Announcing church staff resignations can be a tricky thing, depending on the circumstances that lead to the employee’s departure.
Church members support the church mission, through their tithes and offerings, so naturally like to be aware of things that are going on and have a vested interest in the decisions that a church makes.
When organizations proactively communicate, they are able to control the rumor mill, miscommunication and misinformation.
The great thing about it is that people who are involved in a church, enjoy talking about ministry happenings and, when given information, can be a great advocate for the church.
Churches employ all different levels of employees and some have a higher profile than others. The more responsibility an employee has, the more important it is to have a strategy for communicating a change in leadership.
The circumstances that lead to the departure of an employee is another consideration, but it is important to know when is it appropriate to make a church-wide communication.

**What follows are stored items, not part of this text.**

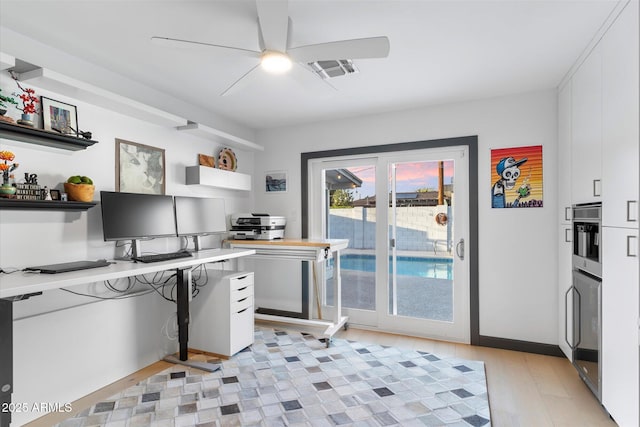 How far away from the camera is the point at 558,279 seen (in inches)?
116

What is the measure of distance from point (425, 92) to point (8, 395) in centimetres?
340

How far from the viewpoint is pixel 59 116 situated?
2221 mm

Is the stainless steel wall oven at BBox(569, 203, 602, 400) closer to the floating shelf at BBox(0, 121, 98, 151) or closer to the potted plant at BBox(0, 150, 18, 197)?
the floating shelf at BBox(0, 121, 98, 151)

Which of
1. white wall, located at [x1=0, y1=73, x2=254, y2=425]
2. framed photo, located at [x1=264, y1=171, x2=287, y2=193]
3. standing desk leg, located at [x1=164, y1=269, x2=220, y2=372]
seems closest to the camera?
white wall, located at [x1=0, y1=73, x2=254, y2=425]

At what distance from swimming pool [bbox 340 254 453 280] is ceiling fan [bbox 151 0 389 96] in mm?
2295

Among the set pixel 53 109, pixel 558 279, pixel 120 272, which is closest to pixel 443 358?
pixel 558 279

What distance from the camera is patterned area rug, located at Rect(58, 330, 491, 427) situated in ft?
6.76

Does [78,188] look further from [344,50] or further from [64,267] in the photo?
[344,50]

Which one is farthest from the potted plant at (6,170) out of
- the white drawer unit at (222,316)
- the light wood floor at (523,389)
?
the white drawer unit at (222,316)

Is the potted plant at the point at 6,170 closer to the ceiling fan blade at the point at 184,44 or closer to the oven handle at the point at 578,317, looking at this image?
the ceiling fan blade at the point at 184,44

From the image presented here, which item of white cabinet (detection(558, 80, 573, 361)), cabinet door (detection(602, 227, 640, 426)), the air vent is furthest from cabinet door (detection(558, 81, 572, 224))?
the air vent

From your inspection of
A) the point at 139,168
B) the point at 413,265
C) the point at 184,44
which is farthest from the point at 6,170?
the point at 413,265

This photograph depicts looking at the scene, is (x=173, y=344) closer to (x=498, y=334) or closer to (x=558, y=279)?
(x=498, y=334)

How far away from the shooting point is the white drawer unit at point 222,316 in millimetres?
2895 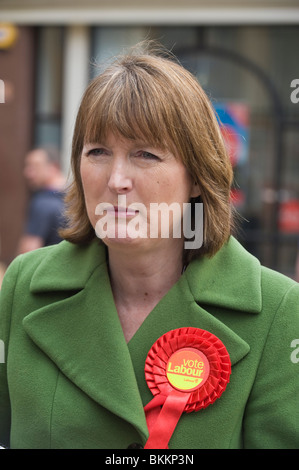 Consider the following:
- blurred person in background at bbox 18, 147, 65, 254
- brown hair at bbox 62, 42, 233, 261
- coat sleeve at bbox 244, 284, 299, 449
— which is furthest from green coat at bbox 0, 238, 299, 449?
blurred person in background at bbox 18, 147, 65, 254

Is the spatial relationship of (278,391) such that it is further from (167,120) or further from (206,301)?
(167,120)

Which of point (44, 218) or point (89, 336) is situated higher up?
point (89, 336)

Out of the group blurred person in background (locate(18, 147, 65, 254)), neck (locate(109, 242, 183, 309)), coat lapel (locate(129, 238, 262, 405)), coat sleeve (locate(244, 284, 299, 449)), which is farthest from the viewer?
blurred person in background (locate(18, 147, 65, 254))

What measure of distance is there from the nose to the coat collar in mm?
347

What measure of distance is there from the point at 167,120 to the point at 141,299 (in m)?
0.55

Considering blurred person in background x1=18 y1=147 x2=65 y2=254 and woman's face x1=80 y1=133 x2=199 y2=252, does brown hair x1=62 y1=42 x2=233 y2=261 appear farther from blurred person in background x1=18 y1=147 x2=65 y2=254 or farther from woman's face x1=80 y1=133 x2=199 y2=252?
blurred person in background x1=18 y1=147 x2=65 y2=254

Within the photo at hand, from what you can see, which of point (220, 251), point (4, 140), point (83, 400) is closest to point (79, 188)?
point (220, 251)

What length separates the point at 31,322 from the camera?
190 centimetres

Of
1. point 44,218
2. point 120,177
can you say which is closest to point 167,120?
point 120,177

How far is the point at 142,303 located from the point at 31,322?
0.33 metres

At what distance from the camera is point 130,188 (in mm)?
1731

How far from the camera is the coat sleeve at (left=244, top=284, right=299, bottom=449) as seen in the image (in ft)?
5.56

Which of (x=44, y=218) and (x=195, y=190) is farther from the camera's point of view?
(x=44, y=218)

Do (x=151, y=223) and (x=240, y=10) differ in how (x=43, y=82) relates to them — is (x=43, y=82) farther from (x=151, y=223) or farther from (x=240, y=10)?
(x=151, y=223) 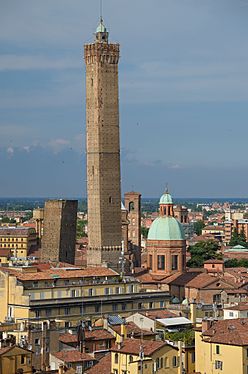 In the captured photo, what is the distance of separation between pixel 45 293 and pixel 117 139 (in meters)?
19.7

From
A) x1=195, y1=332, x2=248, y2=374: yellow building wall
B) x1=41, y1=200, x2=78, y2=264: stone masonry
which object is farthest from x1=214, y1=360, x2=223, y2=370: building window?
x1=41, y1=200, x2=78, y2=264: stone masonry

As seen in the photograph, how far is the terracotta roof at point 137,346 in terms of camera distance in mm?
30797

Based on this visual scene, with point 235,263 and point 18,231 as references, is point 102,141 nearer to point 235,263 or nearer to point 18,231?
point 235,263

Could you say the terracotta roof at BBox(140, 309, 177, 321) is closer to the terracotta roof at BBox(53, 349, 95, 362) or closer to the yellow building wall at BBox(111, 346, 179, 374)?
the terracotta roof at BBox(53, 349, 95, 362)

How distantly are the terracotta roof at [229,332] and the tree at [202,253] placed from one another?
44157 millimetres

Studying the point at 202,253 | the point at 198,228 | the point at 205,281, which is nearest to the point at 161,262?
the point at 205,281

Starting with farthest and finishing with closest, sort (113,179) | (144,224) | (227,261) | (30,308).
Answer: (144,224) < (227,261) < (113,179) < (30,308)

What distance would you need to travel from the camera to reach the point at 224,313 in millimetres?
43062

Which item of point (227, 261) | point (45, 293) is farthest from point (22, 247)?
point (45, 293)

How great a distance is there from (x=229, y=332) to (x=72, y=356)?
4.53m

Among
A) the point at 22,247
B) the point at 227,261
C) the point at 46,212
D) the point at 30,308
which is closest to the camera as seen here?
the point at 30,308

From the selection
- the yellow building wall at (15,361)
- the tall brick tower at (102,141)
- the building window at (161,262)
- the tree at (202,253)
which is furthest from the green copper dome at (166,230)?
the yellow building wall at (15,361)

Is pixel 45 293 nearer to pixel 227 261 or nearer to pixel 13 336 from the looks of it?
pixel 13 336

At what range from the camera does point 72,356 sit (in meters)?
32.5
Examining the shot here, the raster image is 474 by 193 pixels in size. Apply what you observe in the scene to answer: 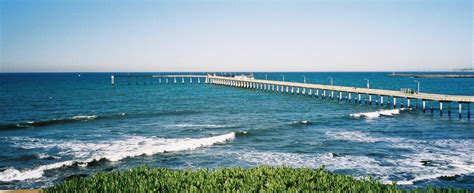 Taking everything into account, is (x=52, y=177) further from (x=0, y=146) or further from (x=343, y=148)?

Change in Church Leadership
Leadership within a church affects how the ministry operates and warrants sharing information about changes with the congregation.
Since church leaders interact with volunteers and members, it is always good to announce when a leader is departing, and to introduce the new leadership with specifics about job responsibilities.
This step helps to orient the new person and gives the congregation a chance to interact and ask questions.
This type of communication may not be as important for employees that help with custodial duties, or the receptionist, as someone in a leadership role that interacts with church members and volunteers.
To determine what needs to be communicated, ask the question, how much interaction and influence does this person have with church members and volunteers? If the influence is significant then there should be a formal communication.
What that communication looks like can vary depending on the culture of the church and the person’s level of influence.
If the church is acclimated to technology, an email blast or text may be appropriate. If not, a letter sent to the home may be appropriate.
Sometimes a pulpit announcement is in order, it just depends on the culture and organizational norm.
When it comes to church communication, you can never communicate too much and most organizations don’t communicate enough. The trick is to answer the questions before they are asked, which helps establish credibility with members, volunteers and employees.